** Source material follows **

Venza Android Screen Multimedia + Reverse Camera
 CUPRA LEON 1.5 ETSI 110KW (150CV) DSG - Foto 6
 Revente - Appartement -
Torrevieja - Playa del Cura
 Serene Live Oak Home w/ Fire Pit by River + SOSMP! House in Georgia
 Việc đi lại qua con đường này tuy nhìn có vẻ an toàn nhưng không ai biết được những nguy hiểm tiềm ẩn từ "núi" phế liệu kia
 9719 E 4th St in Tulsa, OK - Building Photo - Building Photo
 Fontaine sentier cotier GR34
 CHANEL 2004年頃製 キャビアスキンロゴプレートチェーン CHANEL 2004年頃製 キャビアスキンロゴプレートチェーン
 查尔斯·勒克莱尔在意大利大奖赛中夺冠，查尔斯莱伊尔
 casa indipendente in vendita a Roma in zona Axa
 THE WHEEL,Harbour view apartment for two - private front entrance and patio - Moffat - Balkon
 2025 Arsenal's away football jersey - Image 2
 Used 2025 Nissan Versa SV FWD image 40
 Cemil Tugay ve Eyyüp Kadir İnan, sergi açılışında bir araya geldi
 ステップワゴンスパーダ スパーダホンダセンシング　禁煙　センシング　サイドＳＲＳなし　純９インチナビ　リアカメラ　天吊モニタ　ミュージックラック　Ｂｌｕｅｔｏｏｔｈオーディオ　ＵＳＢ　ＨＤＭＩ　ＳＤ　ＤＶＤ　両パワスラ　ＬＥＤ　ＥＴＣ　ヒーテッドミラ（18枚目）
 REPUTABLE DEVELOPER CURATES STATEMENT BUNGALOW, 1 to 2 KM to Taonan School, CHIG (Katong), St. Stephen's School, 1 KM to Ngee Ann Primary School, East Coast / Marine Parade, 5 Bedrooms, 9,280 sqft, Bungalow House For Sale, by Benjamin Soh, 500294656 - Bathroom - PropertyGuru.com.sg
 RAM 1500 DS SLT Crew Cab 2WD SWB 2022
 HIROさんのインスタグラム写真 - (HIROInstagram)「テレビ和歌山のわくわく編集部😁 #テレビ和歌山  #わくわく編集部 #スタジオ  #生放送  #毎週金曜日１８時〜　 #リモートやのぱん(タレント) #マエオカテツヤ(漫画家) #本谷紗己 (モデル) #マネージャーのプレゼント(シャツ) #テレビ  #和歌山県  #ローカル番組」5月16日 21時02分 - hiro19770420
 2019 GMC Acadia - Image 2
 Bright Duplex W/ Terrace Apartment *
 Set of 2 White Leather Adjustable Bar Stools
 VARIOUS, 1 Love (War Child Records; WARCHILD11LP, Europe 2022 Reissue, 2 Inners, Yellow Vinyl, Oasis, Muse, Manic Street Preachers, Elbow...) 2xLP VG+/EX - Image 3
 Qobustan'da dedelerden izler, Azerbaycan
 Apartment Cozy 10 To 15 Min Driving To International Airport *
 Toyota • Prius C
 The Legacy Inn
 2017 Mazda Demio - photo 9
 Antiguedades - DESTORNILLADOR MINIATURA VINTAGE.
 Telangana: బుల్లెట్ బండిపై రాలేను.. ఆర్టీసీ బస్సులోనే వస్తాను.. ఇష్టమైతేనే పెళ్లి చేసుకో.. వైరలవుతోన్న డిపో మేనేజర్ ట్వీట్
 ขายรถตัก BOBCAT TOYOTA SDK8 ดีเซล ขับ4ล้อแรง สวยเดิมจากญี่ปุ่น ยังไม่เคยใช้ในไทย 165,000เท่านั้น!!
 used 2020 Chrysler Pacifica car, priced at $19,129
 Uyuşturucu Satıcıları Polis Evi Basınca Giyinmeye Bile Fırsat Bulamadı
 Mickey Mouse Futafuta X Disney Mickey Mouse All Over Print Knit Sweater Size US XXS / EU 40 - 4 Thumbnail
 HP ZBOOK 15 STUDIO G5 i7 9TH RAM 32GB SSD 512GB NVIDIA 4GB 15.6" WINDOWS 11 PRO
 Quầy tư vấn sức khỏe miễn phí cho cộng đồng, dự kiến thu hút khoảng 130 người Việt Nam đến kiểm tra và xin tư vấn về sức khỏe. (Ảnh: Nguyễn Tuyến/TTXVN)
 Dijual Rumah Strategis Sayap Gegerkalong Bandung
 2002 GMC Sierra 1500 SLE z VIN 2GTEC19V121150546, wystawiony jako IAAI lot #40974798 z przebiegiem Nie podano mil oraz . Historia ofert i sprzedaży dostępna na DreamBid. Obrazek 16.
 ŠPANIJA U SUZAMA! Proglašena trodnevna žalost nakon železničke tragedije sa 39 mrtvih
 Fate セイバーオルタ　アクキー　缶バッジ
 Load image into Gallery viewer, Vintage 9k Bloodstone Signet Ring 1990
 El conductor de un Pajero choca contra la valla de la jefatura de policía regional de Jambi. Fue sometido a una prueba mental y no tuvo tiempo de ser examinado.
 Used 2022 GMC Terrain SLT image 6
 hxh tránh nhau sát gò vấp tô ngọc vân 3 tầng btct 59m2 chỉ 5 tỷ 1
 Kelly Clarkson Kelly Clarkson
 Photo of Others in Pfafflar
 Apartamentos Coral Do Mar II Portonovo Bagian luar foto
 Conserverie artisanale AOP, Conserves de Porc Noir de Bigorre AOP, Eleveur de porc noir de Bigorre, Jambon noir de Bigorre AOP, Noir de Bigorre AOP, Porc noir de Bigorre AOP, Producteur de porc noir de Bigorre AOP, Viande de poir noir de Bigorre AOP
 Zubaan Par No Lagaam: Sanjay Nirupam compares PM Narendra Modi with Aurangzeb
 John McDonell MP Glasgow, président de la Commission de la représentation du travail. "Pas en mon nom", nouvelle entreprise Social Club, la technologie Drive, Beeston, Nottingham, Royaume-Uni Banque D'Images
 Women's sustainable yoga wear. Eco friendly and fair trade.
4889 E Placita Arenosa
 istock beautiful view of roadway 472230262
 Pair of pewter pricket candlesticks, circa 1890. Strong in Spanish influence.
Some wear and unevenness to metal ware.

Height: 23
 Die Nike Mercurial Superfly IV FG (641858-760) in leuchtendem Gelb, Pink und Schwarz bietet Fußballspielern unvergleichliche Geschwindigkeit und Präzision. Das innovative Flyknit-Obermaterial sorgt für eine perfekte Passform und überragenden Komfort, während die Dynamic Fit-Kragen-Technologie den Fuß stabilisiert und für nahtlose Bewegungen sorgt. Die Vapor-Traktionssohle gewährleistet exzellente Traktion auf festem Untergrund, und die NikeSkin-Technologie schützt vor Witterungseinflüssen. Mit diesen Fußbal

** End of Source material **

What you need to do: Repeat each line of the data above, exactly as it appears, from the first through the line that contains "2017 Mazda Demio - photo 9".

Task result:
Venza Android Screen Multimedia + Reverse Camera
 CUPRA LEON 1.5 ETSI 110KW (150CV) DSG - Foto 6
 Revente - Appartement -
Torrevieja - Playa del Cura
 Serene Live Oak Home w/ Fire Pit by River + SOSMP! House in Georgia
 Việc đi lại qua con đường này tuy nhìn có vẻ an toàn nhưng không ai biết được những nguy hiểm tiềm ẩn từ "núi" phế liệu kia
 9719 E 4th St in Tulsa, OK - Building Photo - Building Photo
 Fontaine sentier cotier GR34
 CHANEL 2004年頃製 キャビアスキンロゴプレートチェーン CHANEL 2004年頃製 キャビアスキンロゴプレートチェーン
 查尔斯·勒克莱尔在意大利大奖赛中夺冠，查尔斯莱伊尔
 casa indipendente in vendita a Roma in zona Axa
 THE WHEEL,Harbour view apartment for two - private front entrance and patio - Moffat - Balkon
 2025 Arsenal's away football jersey - Image 2
 Used 2025 Nissan Versa SV FWD image 40
 Cemil Tugay ve Eyyüp Kadir İnan, sergi açılışında bir araya geldi
 ステップワゴンスパーダ スパーダホンダセンシング　禁煙　センシング　サイドＳＲＳなし　純９インチナビ　リアカメラ　天吊モニタ　ミュージックラック　Ｂｌｕｅｔｏｏｔｈオーディオ　ＵＳＢ　ＨＤＭＩ　ＳＤ　ＤＶＤ　両パワスラ　ＬＥＤ　ＥＴＣ　ヒーテッドミラ（18枚目）
 REPUTABLE DEVELOPER CURATES STATEMENT BUNGALOW, 1 to 2 KM to Taonan School, CHIG (Katong), St. Stephen's School, 1 KM to Ngee Ann Primary School, East Coast / Marine Parade, 5 Bedrooms, 9,280 sqft, Bungalow House For Sale, by Benjamin Soh, 500294656 - Bathroom - PropertyGuru.com.sg
 RAM 1500 DS SLT Crew Cab 2WD SWB 2022
 HIROさんのインスタグラム写真 - (HIROInstagram)「テレビ和歌山のわくわく編集部😁 #テレビ和歌山  #わくわく編集部 #スタジオ  #生放送  #毎週金曜日１８時〜　 #リモートやのぱん(タレント) #マエオカテツヤ(漫画家) #本谷紗己 (モデル) #マネージャーのプレゼント(シャツ) #テレビ  #和歌山県  #ローカル番組」5月16日 21時02分 - hiro19770420
 2019 GMC Acadia - Image 2
 Bright Duplex W/ Terrace Apartment *
 Set of 2 White Leather Adjustable Bar Stools
 VARIOUS, 1 Love (War Child Records; WARCHILD11LP, Europe 2022 Reissue, 2 Inners, Yellow Vinyl, Oasis, Muse, Manic Street Preachers, Elbow...) 2xLP VG+/EX - Image 3
 Qobustan'da dedelerden izler, Azerbaycan
 Apartment Cozy 10 To 15 Min Driving To International Airport *
 Toyota • Prius C
 The Legacy Inn
 2017 Mazda Demio - photo 9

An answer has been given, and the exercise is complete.